La fortuna di Ted Lasso è che crede così tanto alla sua premessa da convincere anche lo spettatore più scettico. Perché, probabilmente va ricordato, questa comedy dei record e pluripremiata ha uno svolgimento del tutto assurdo, ben oltre la sospensione dell'incredulità che richiede di solito il genere. Nella seconda stagione finisce l'effetto sorpresa, ma la serie Apple TV+ rimane uguale a se stessa: Ted continua ad essere una sorta di orfana Annie con i baffi, pronto a tirar fuori il bene da qualsiasi essere umano respirante che si trova sul suo cammino, o nel suo spogliatoio. Oltre ogni altra preoccupazione quotidiana, immerso in ideali di bontà, saldi principi, sensibilità che voglio – e riescono ad essere – l'opposto assoluto del mondo di oggi.

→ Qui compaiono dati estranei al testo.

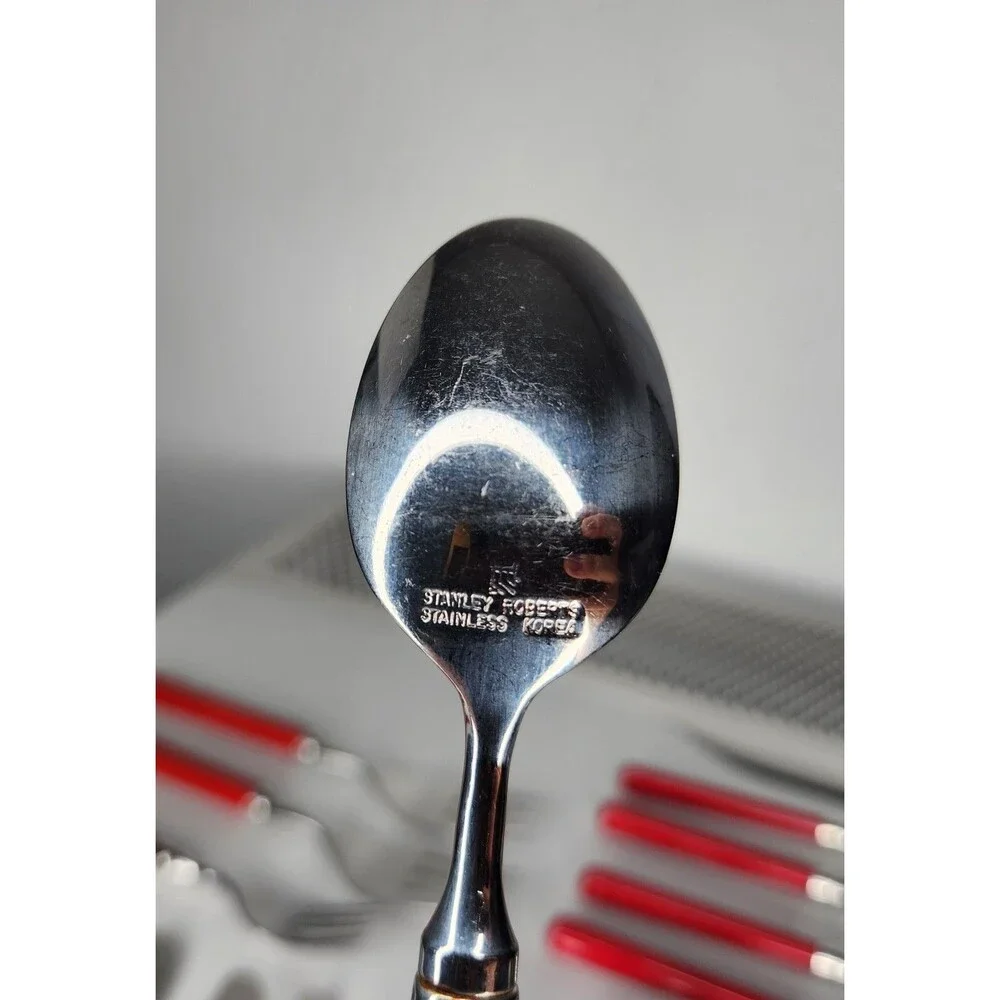 Stanley Roberts Flatware Red Spectrum Korea Stainless Cutlery Misc 19 Pc Lot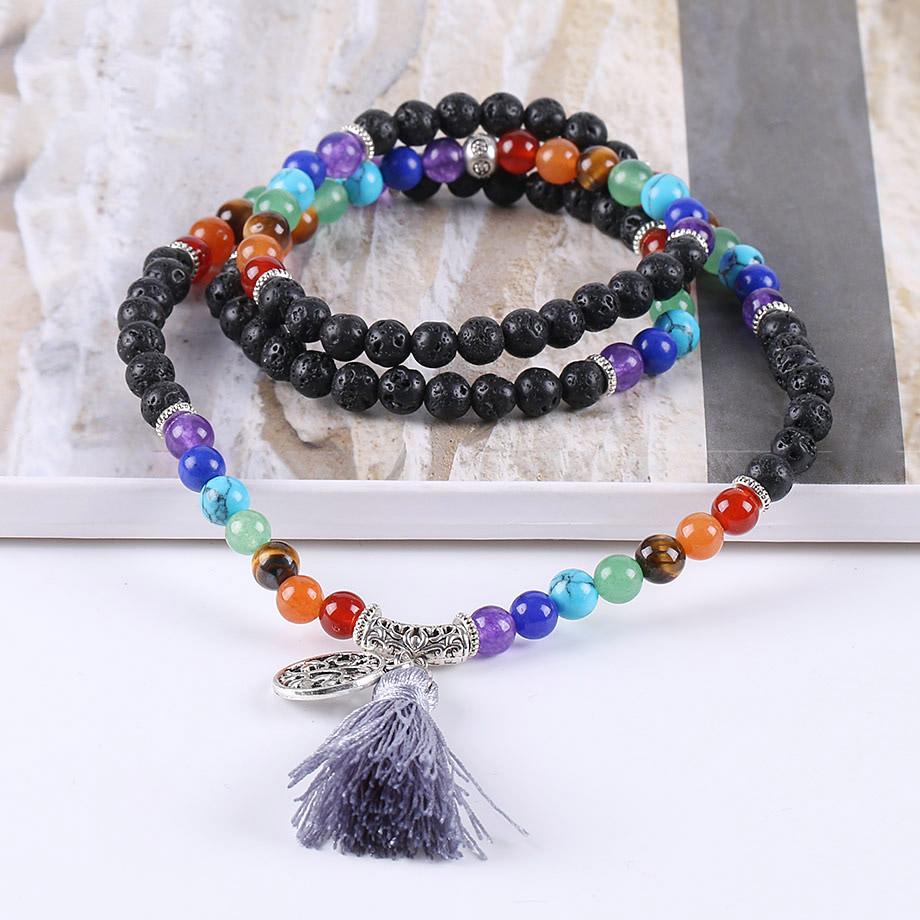 Tree of Life 7 Chakra Black Lava Rock 108 Mala Beads Bracelet-Your Soul Place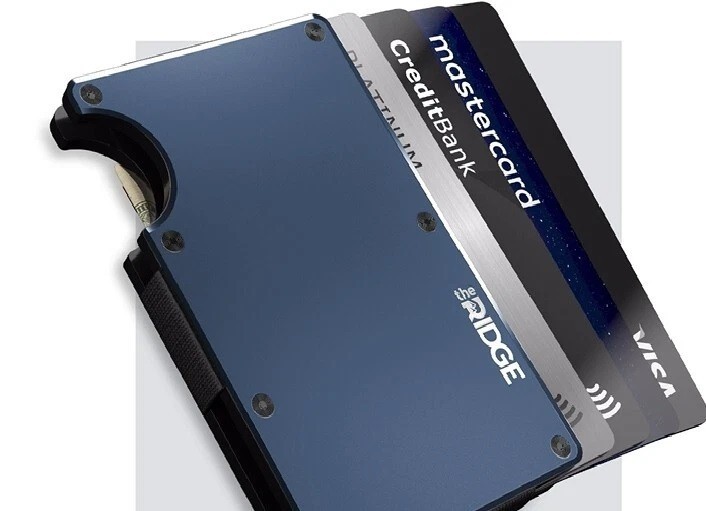 The Ridge Thin RFID Wallet Card Holder Metal Wallet With Cash Strap – Lake Navy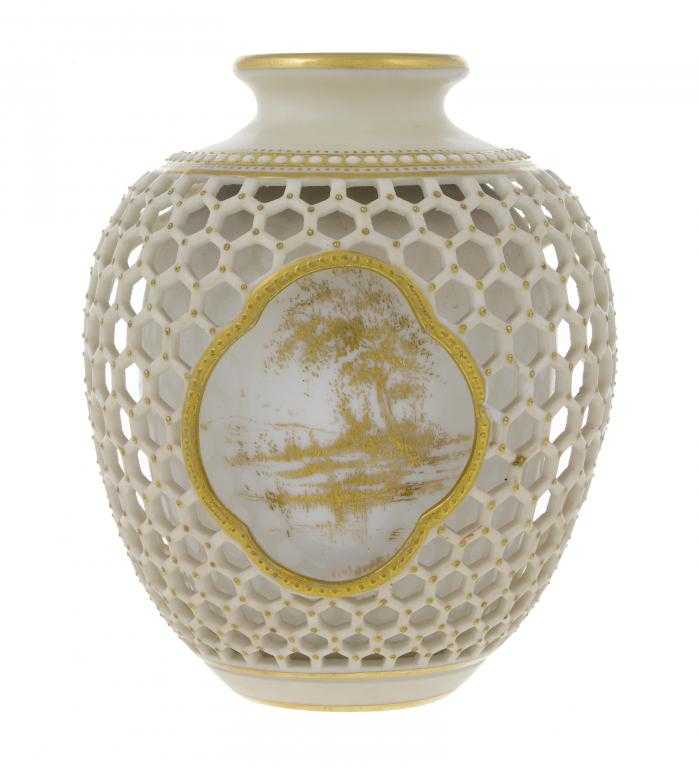 Appraisal: A ROYAL WORCESTER RETICULATED VASE finely gilt with three vignettes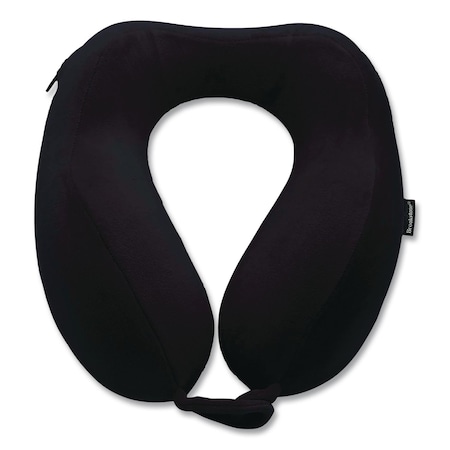 Brookstone Memory Foam Fabric Travel Pillow, One Size Fits Most, 9.84 x 5.5 x 11, Black BNPM0001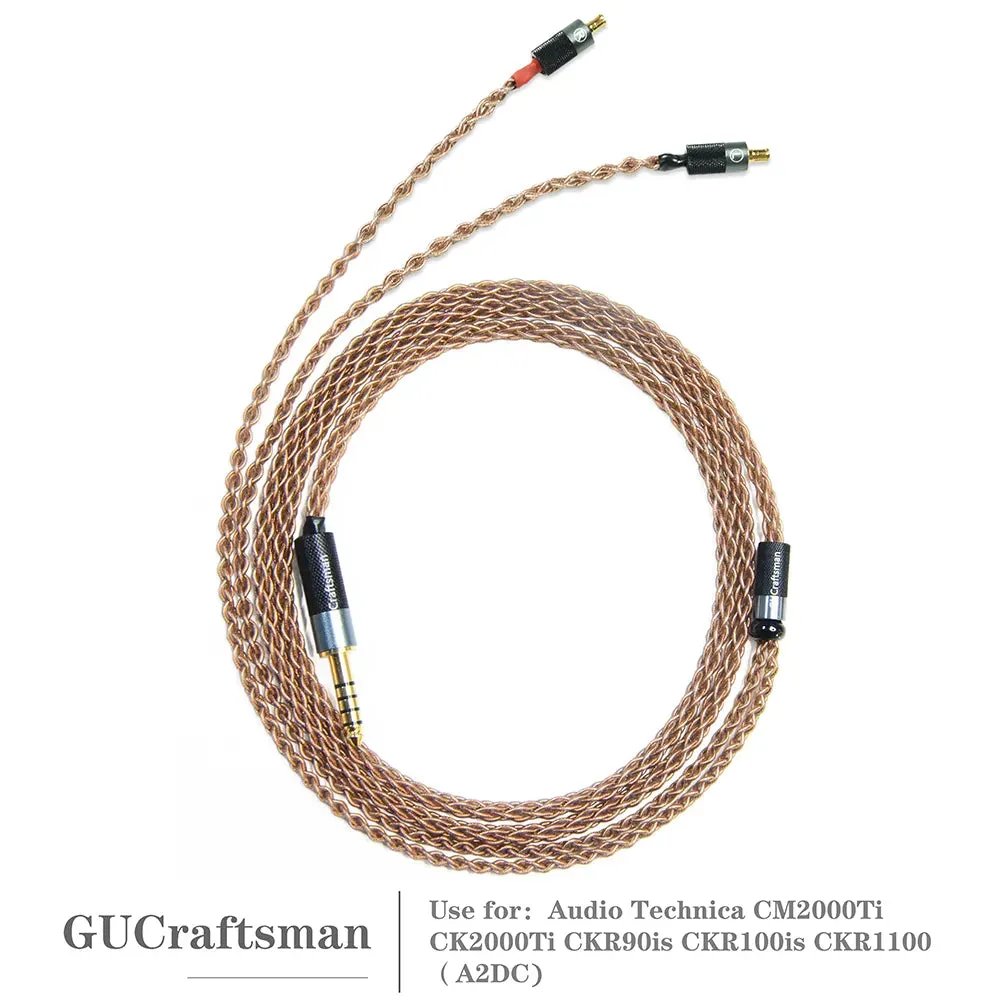 GUCraftsman 6N Single Crystal Copper Earphone Cables For Audio Technica CM2000Ti CK2000Ti CKR90is CKR100is CKR1100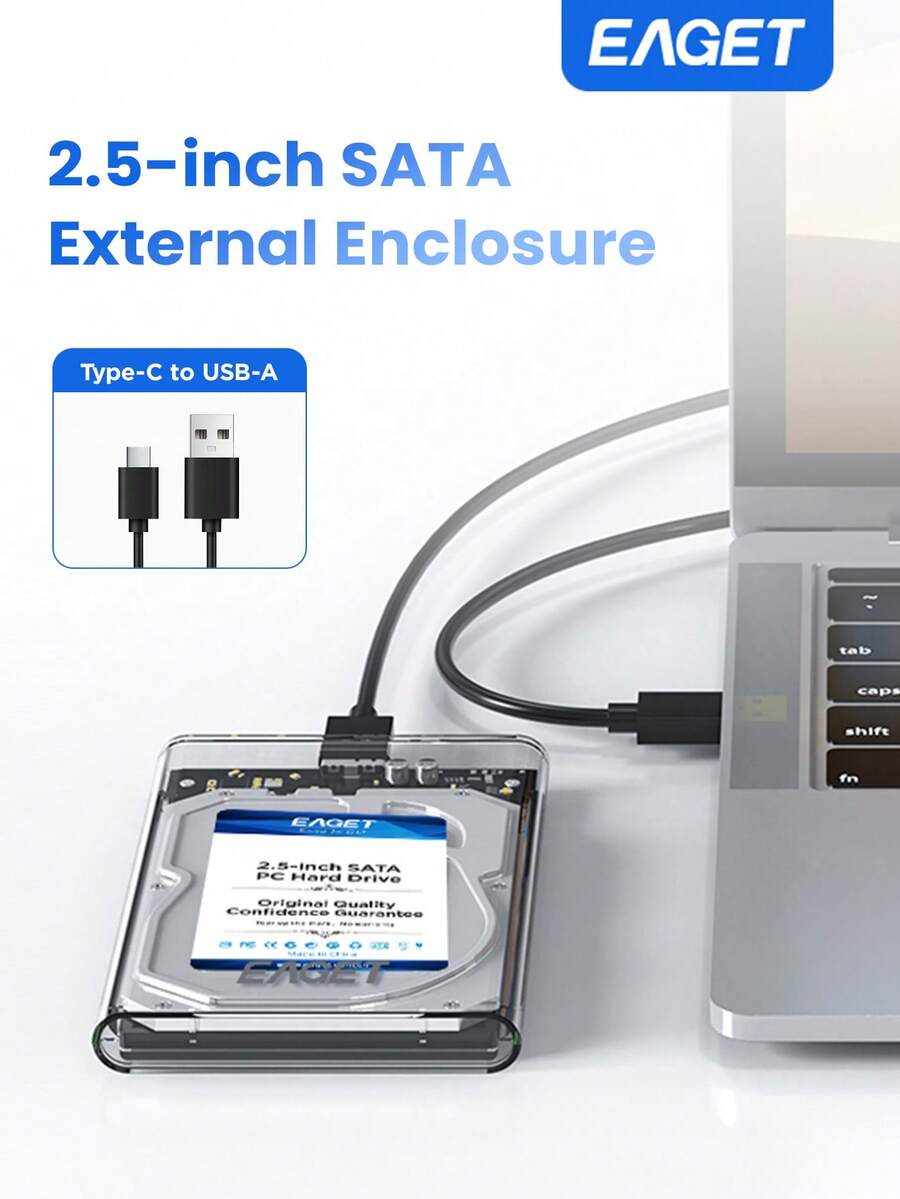 EAGET Portable Hard Drive Enclosure, SATA To USB 3.0 SSD Hard Drive Enclosure, 2.5 Inch HDD SSD External Hard Drive Enclosure, High Speed 5Gbps USB 3.0 To Type-C Transparent Portable Hard Drive Box, Compatible With PC/Laptop Windows System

In particolare, della comunicazione su internet. Ted Lasso (sia la serie che il personaggio) non ignora la tecnologia, ma predilige il confronto faccia a faccia, i discorsi motivazionali – anche se un po' sgangherati – del protagonista. E nel farlo continua a rinforzare atteggiamenti e attitudini positive che di solito invece nel dibattito quotidiano, online e non, sono oggetto di scherno o di paura. In questa seconda stagione si parla di mascolinità tossica, di genitori terribili, di attacchi di panico, di etica professionale. E lo si fa con un tono candido, al quale come detto la serie si abbandona totalmente.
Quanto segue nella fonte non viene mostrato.